Once that backdoor was created, “hackers and cybercriminals could wreak havoc on our privacy and personal safety,” Mr. Sewell said.

Mr. Comey said the request was limited to the iPhone used by the San Bernardino shooter. He reiterated comments made last week in a separate hearing that encryption was the most challenging issue facing the F.B.I., but he said the San Bernardino investigation should be seen in isolation.

“This case is not about the F.B.I., it’s not about Apple, it’s not about Congress,” Mr. Comey said, adding that the investigation was still active.

He also disputed characterizations made by Apple and some lawmakers that the F.B.I. was asking Apple to create a “backdoor” that could be exploited for hackers and other terrorists to further weaken security for millions of iPhone users.

Rather, Mr. Comey said, the F.B.I. is asking Apple to remove a “guard dog” standing in their way of obtaining data on the iPhone that could still contain information used for its investigation.

Apple doubted that law enforcement, if successful in its order, would stop at the San Bernardino case. Mr. Sewell said in his written testimony that Mr.
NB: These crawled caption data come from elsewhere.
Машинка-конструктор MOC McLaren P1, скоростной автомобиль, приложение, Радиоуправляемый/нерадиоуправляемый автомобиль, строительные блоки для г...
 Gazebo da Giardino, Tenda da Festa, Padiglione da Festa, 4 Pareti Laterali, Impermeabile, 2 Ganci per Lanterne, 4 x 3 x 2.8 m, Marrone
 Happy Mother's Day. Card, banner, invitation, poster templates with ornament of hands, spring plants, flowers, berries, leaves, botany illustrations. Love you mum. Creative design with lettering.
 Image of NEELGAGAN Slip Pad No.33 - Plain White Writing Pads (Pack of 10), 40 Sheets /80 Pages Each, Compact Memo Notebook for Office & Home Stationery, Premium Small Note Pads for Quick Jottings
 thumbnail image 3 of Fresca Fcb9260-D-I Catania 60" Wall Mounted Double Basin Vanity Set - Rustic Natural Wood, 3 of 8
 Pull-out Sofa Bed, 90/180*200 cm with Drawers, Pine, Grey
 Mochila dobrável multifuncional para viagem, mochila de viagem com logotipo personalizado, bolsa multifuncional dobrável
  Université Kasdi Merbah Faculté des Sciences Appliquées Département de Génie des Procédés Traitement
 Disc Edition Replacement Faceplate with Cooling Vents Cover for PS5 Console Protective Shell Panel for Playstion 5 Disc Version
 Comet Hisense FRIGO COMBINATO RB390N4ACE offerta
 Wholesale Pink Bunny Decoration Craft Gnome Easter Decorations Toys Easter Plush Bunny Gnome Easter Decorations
Comey and other law enforcement officials had indicated their desire to create a legal precedent to make similar demands to break into iPhones in other cases.

Cyrus R. Vance Jr., the district attorney of Manhattan, for instance, has said he planned to use the San Bernardino order to obtain access to data on cases involving 175 other phones, Mr. Sewell noted.

“We can all agree this is not about access to just one iPhone,” Mr. Sewell said.

Mr. Vance, who also testified at Tuesday’s hearing, said Apple’s encrypted operating system, introduced in fall 2014, had frustrated the efforts of local law enforcement to get data that could help them in their investigations. With the vast majority of criminal prosecutions handled by state and local law enforcement, he called for federal legislation to empower police.

“In the absence of a uniform policy, our nation will effectively delegate the crafting of national security and law enforcement to boardrooms in Silicon Valley,” Mr. Vance said in prepared remarks.

Companies, analysts and government leaders closely watching the struggle between Apple and the F.B.I. say the case could create a precedent for technology companies whose software and devices contain huge amounts of personal data on consumers.

The legal grounds of government data requests is still being debated. A federal magistrate judge on Monday denied the Department of Justice’s request that Apple extract data from an iPhone from a drug case in New York, a test of the government’s use of a centuries-old law for several other cases involving demands for iPhone data.

Also on Monday, Representative Michael McCaul, Republican of Texas, and Senator Mark Warner, Democrat of Virginia, introduced a bill to create a 16-member bipartisan committee called the National Commission on Security and Technology Challenges to explore encryption and cybersecurity legislation.

“The ongoing Apple vs. F.B.I. dispute is only a symptom of a much larger problem,” said Mr. McCaul, who is also chairman of the House Committee on Homeland Security. “But we are almost certain to see this scenario repeated unless the larger issue is addressed. Law enforcement clearly needs the ability to gain lawful access to information that can stop future attacks.”